■ **ASSIGNED TASK**:
Pictures are to be omitted. Output only the lines from the one containing "Thoroughbred Mix, Mare, 4" through the end of the data, word for word.

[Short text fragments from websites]
=== Section Start ===
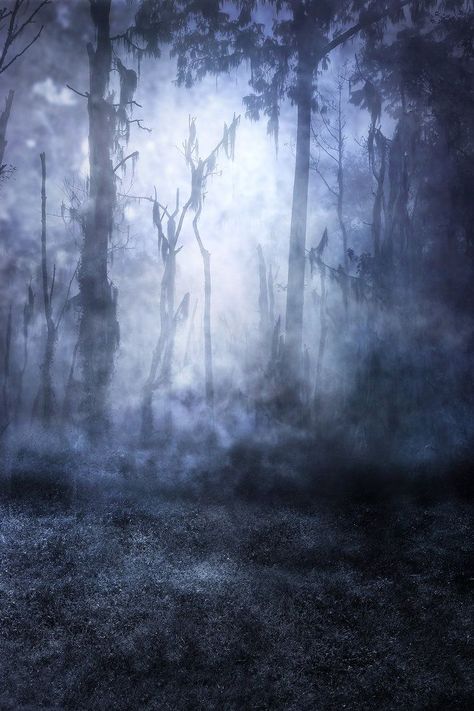 Wattpad Cover Background, Book Cover Background, Haunted Woods, Pink Clouds Wallpaper, Wattpad Background, Normal Wallpaper, Book Cover Design Inspiration, Book Cover Template, Wattpad Book Covers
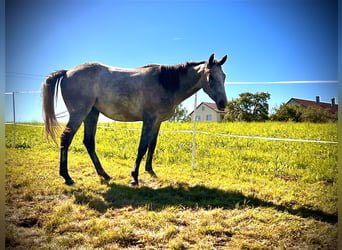 Thoroughbred Mix, Mare, 4 years, 15,1 hh, Brown Falb mold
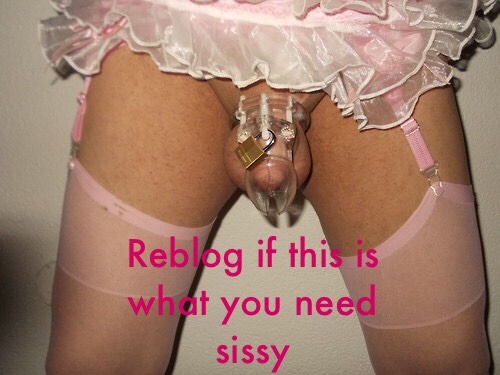 sissyscout10: Reblog so I can find you sissy.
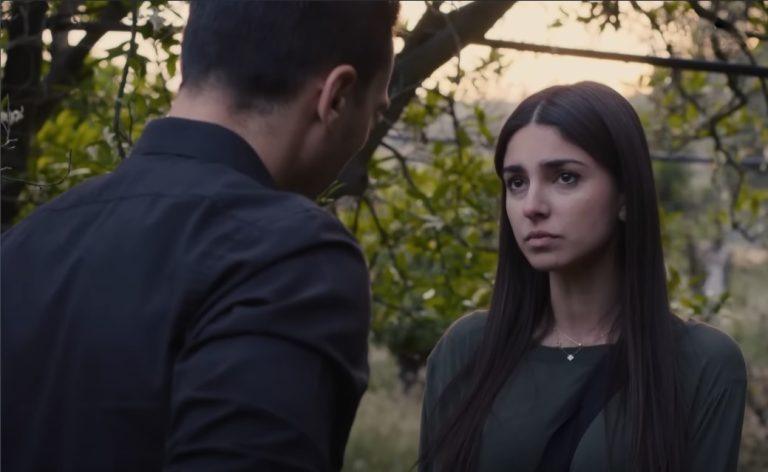 Η γη της ελιάς: Φόβοι και αποκαλύψεις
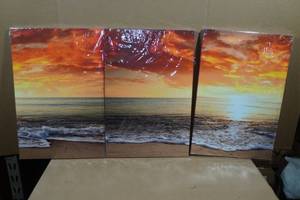 Canvass 3-Piece Wall Art 16x24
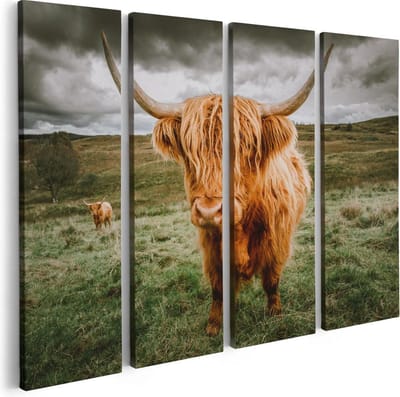 Artaza Canvas Schilderij Vierluik Schotse Hooglanders In De Wei - Kleur - 80x60 - Foto Op Canvas - Canvas Print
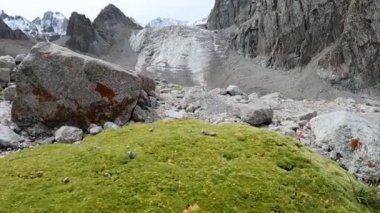Yosunların arasından buzullara bak.
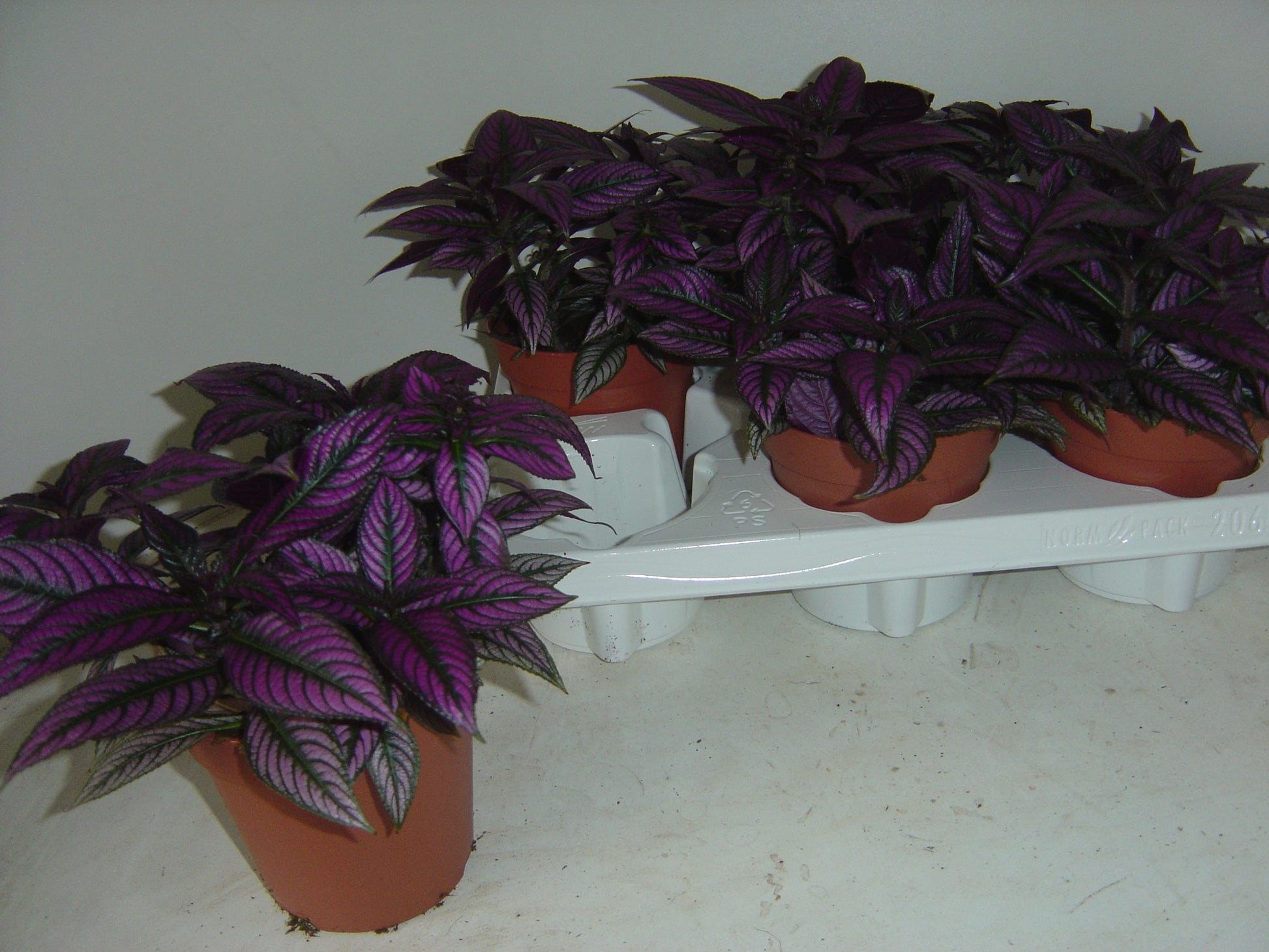 Strobilanthes 20cm 12cm Pot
=== Section End ===
■ **ANSWER BOX**:
 Thoroughbred Mix, Mare, 4 years, 15,1 hh, Brown Falb mold
 sissyscout10: Reblog so I can find you sissy.
 Η γη της ελιάς: Φόβοι και αποκαλύψεις
 Canvass 3-Piece Wall Art 16x24
 Artaza Canvas Schilderij Vierluik Schotse Hooglanders In De Wei - Kleur - 80x60 - Foto Op Canvas - Canvas Print
Yosunların arasından buzullara bak.
 Strobilanthes 20cm 12cm Pot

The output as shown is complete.